'The Masked Singer' Alum Terry Bradshaw Apologizes for 'Insensitive' Joke About Judge Ken Jeong

The Masked Singer star Terry Bradshaw is taking the foot off his mouth and apologizing after making a racially insensitive joke about Ken Jeong.

The 70-year-old NFL legend made headlines during his appearance at Fox's Upfront presentation Monday when he discussed his elimination from the hit reality competition series, saying he was eliminated by "the little short guy from Japan."

Jeong served as a judge for the Nick Cannon-hosted reality series along with Nicole Scherzinger, Jenny McCarthy and Robin Thicke. At the time, Bradshaw also mistakenly called Thicke by his father's name, Alan.

The Dr. Ken star was born in Detroit. His parents immigrated to America from South Korea, PEOPLE writes.

Following the controversy surrounding his comment, the Fox NFL Sunday co-host issued a statement, released by the outlet, apologizing for the joke.

"I made an insensitive remark today about Ken, who I've known for some time," the statement read. "I've spoken to him about the importance of cultural respect and apologized for my offensive comments. I would like to also apologize to the Asian American community for my insensitivity."

Jeong did not respond publicly to the actor's comment.

The joke began with Bradshaw saying he has been "kicked off by Alan Thicke," referring to Robin's famous father. Alan passed away in December 2016 from a heart attack at the age of 69.

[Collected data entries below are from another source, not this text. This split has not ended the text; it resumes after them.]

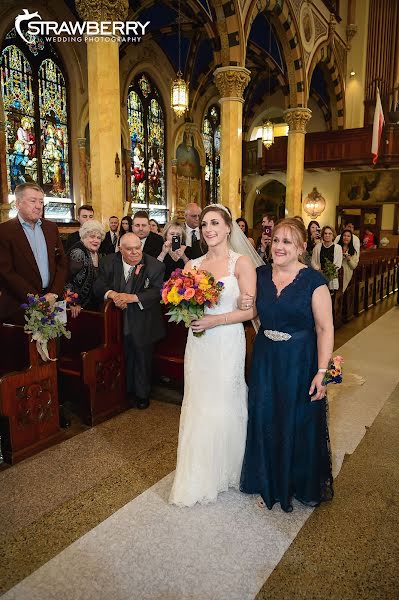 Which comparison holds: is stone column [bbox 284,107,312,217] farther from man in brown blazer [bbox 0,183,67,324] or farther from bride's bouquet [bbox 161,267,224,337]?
bride's bouquet [bbox 161,267,224,337]

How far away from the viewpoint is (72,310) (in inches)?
162

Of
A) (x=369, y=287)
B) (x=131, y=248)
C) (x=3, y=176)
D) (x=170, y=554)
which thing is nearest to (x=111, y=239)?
(x=131, y=248)

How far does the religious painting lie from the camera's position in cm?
1777

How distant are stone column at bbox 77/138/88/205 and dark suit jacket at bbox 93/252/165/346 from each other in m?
10.2

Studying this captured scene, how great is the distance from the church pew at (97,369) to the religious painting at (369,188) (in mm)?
16740

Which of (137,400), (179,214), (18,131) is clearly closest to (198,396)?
(137,400)

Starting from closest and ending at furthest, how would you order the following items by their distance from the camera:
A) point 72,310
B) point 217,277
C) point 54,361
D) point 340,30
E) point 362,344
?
1. point 217,277
2. point 54,361
3. point 72,310
4. point 362,344
5. point 340,30

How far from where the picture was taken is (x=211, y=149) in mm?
19797

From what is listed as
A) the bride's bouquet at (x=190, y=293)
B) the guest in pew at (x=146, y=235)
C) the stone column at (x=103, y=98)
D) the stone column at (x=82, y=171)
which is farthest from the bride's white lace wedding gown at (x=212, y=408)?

Ahead of the Fox Upfront presentation, the network announced The Masked Singer has been renewed for a third season expected to air in 2020. The show will also get the coveted post-Super Bowl slot in 2020. The hit reality series follows celebrities competing in a singing competition while wearing elaborate costumes to remain anonymous.

Bradawn competed in the show's first season dressed as the Deer. He performed rendition of "Thunder" by Imagine Dragons and "Get Your Shine On" by Florida Georgia Line before he was eliminated.

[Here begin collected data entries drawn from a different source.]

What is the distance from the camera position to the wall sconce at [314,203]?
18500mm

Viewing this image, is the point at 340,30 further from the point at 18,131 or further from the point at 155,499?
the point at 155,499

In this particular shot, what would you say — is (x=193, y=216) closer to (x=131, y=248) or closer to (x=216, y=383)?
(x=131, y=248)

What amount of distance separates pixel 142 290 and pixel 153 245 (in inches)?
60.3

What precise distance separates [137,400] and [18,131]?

Fox entertainment boss Charlie Collier spoke of the decision to have The Masked Singer air during fall and spring during the upfront presentation.

"The advantage of being a broadcast network is that we are home to programming for mass audiences," he said at the time, "Technically, Masked Singer could have ended up on any platform but you have to note that it didn't."

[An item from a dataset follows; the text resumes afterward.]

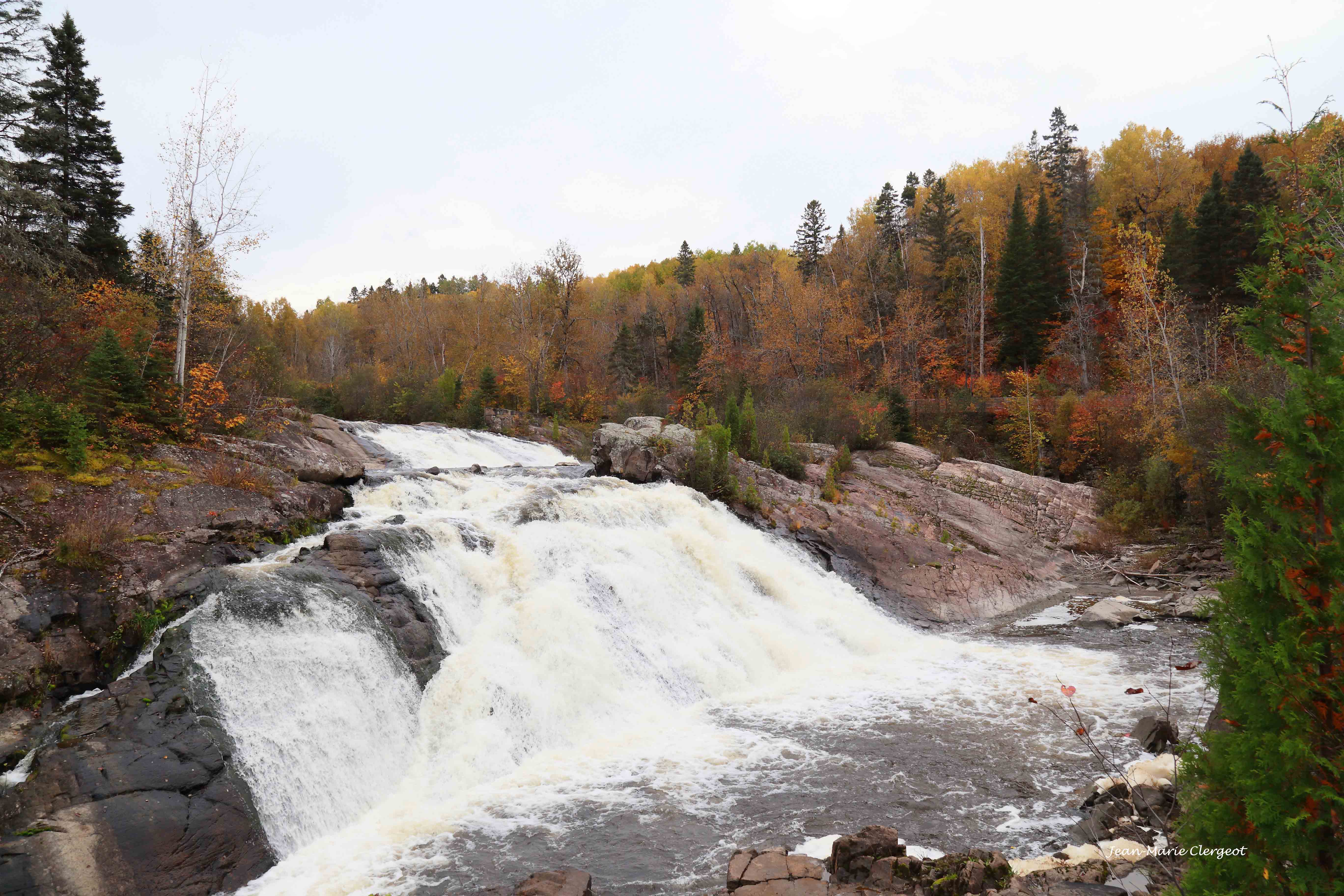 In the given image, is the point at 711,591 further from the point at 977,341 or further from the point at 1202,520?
the point at 977,341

Executive producer Craig Plestis previously teased Season 2 of the "Guess Who?" series will be even more strange than Season 1.


"...if you think this season was bizarre, just wait until you see season two. What worked is really going for it with the costumes — go crazy with it, don't play it safe. Have fun making it and letting everyone be involved with the party," he said.

The Masked Singer will return for Season 2 in fall 2019.